#### RECORDS TO PROCESS:
════

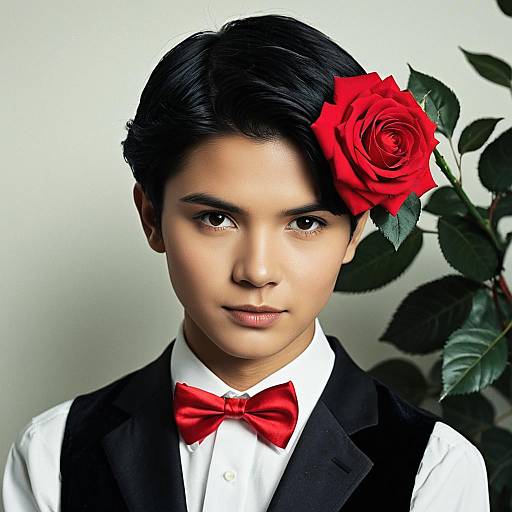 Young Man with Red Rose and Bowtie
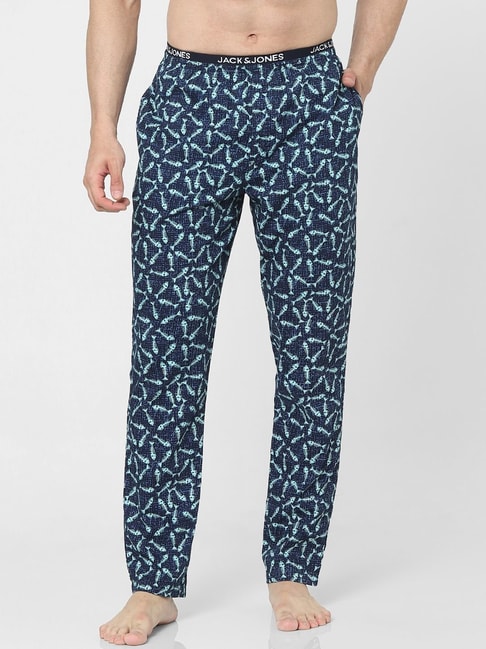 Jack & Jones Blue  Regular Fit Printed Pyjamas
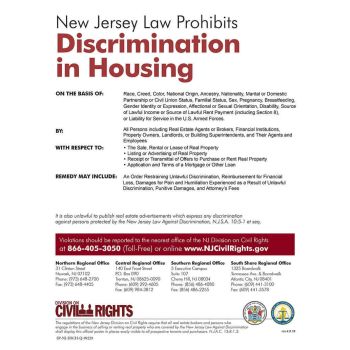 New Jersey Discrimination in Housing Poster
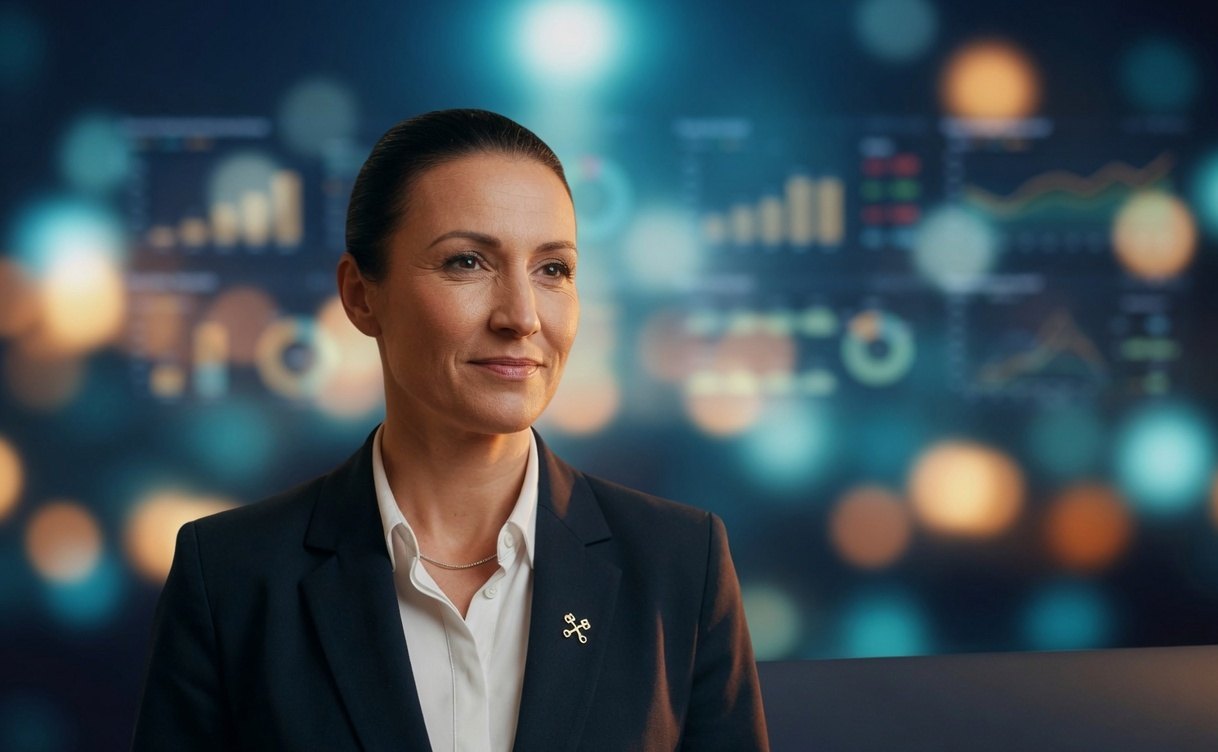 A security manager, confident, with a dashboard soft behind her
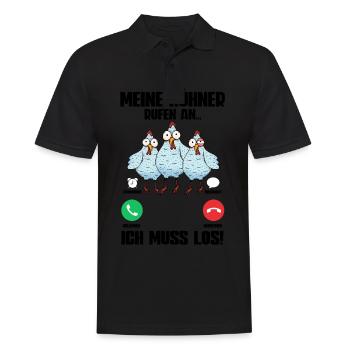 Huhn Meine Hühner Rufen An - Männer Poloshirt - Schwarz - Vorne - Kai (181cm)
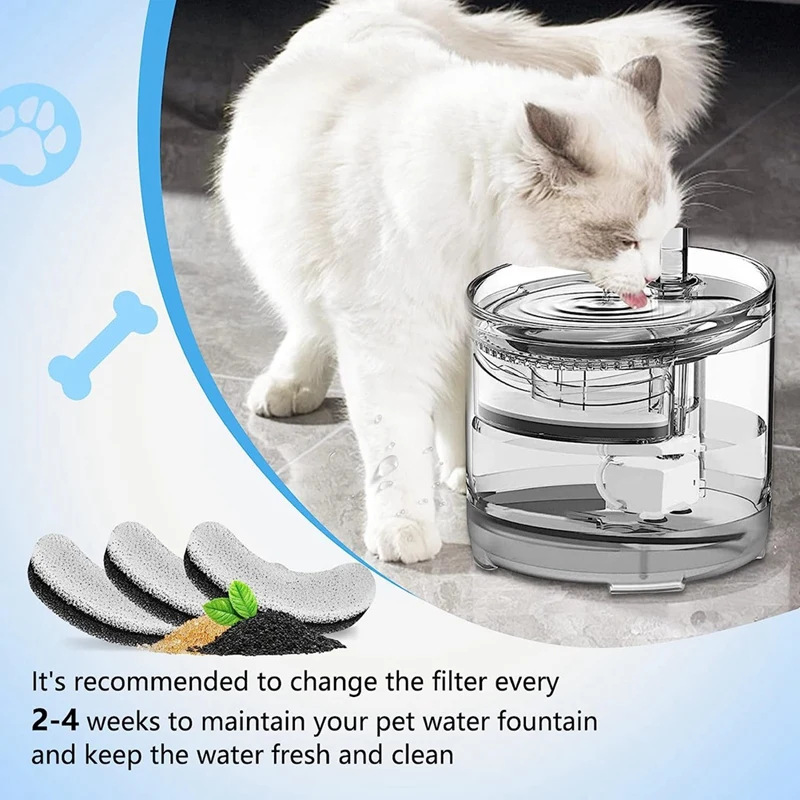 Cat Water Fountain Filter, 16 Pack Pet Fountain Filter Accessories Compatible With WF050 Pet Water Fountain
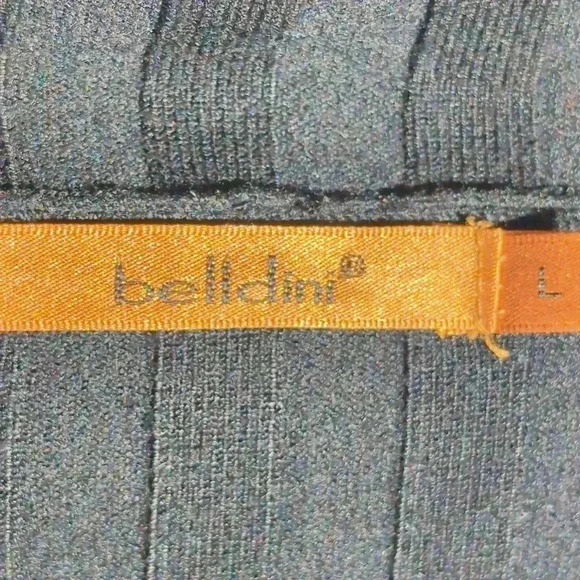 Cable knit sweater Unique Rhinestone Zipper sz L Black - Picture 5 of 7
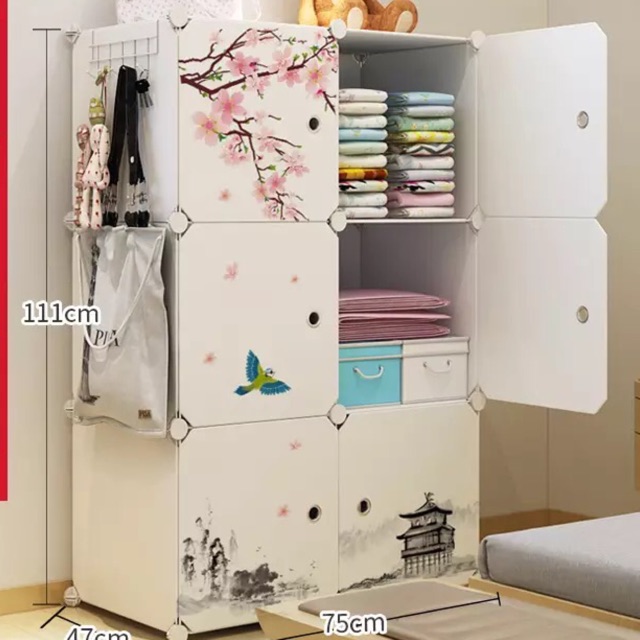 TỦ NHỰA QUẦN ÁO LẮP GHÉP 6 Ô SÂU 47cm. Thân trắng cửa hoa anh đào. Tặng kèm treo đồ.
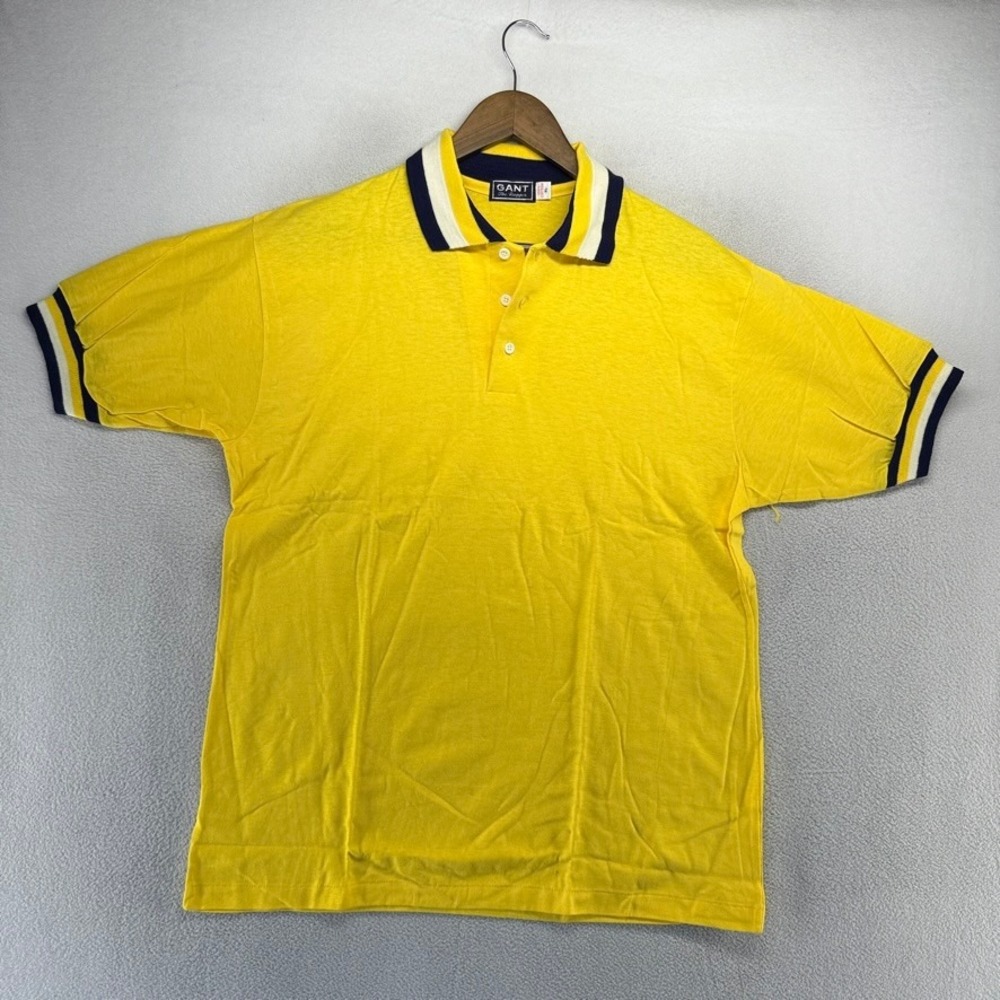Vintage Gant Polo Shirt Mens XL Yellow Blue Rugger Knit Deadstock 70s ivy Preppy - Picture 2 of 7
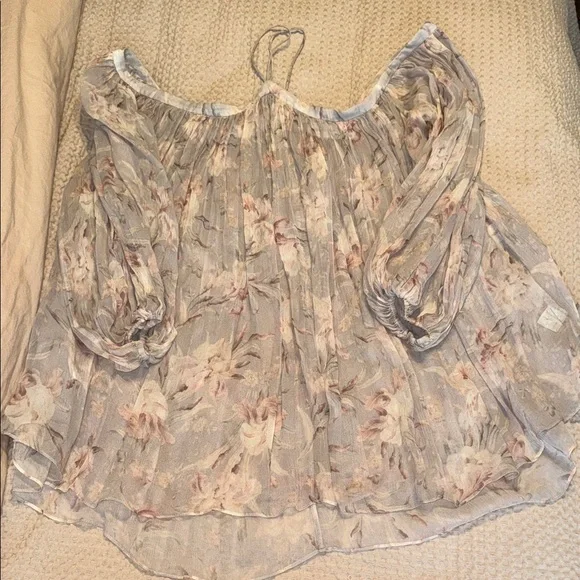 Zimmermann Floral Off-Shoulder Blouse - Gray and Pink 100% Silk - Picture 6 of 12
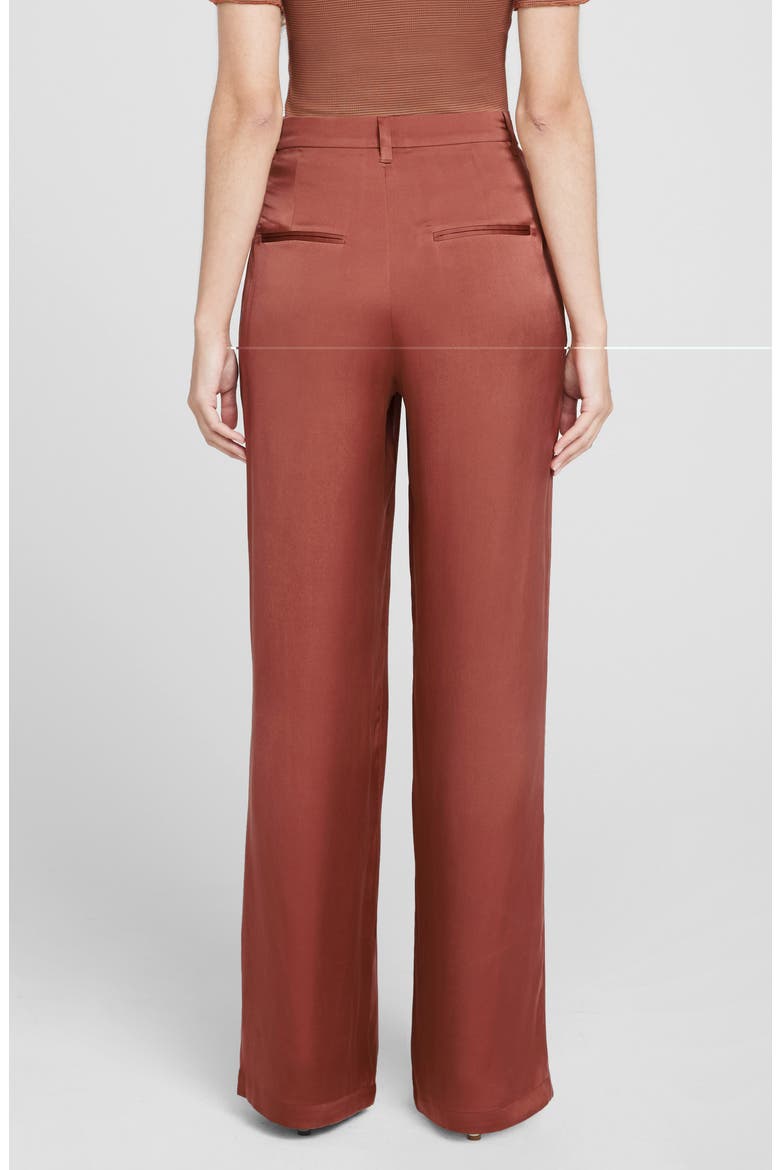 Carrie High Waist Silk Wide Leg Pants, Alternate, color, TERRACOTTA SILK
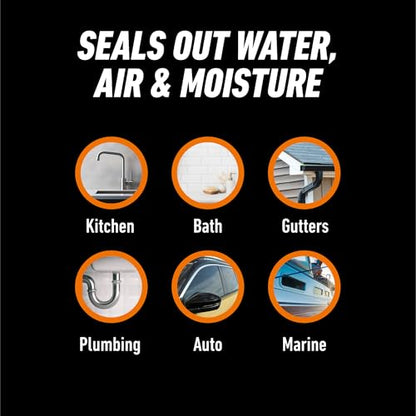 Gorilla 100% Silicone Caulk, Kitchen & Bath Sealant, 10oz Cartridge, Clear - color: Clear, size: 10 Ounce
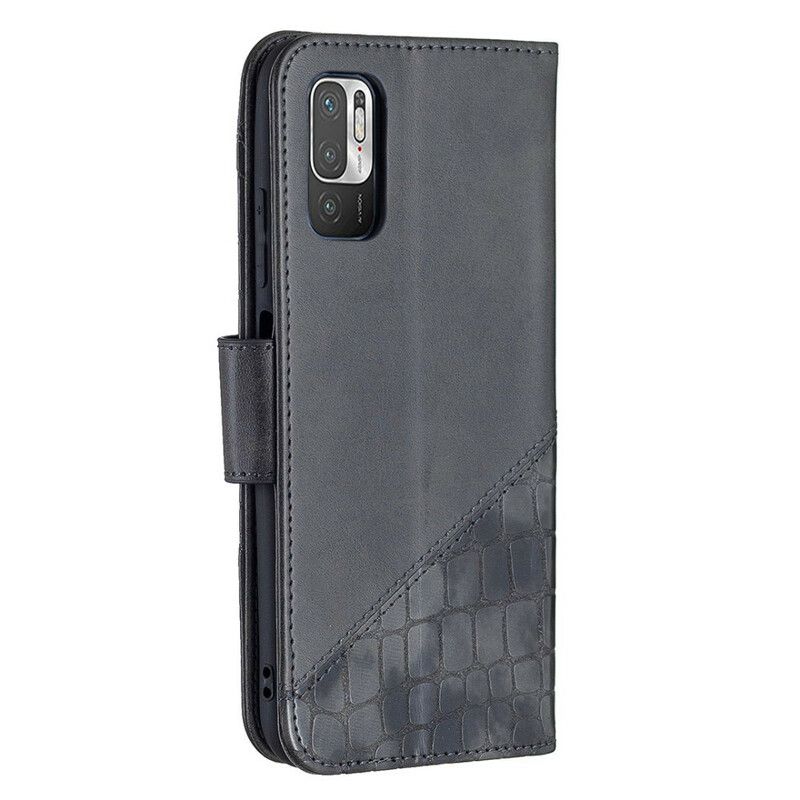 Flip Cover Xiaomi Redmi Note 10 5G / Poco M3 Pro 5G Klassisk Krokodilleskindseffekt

════

#### WHAT YOU HAVE TO DO:
Produce an exact reproduction of the listing above, limited to the lines starting at the line with "Jack & Jones" and ending at the line with "Cat Water Fountain", both kept, with every picture left out.

#### ANSWER BOX:
 Jack & Jones Blue  Regular Fit Printed Pyjamas
 New Jersey Discrimination in Housing Poster
 A security manager, confident, with a dashboard soft behind her
 Huhn Meine Hühner Rufen An - Männer Poloshirt - Schwarz - Vorne - Kai (181cm)
 Cat Water Fountain Filter, 16 Pack Pet Fountain Filter Accessories Compatible With WF050 Pet Water Fountain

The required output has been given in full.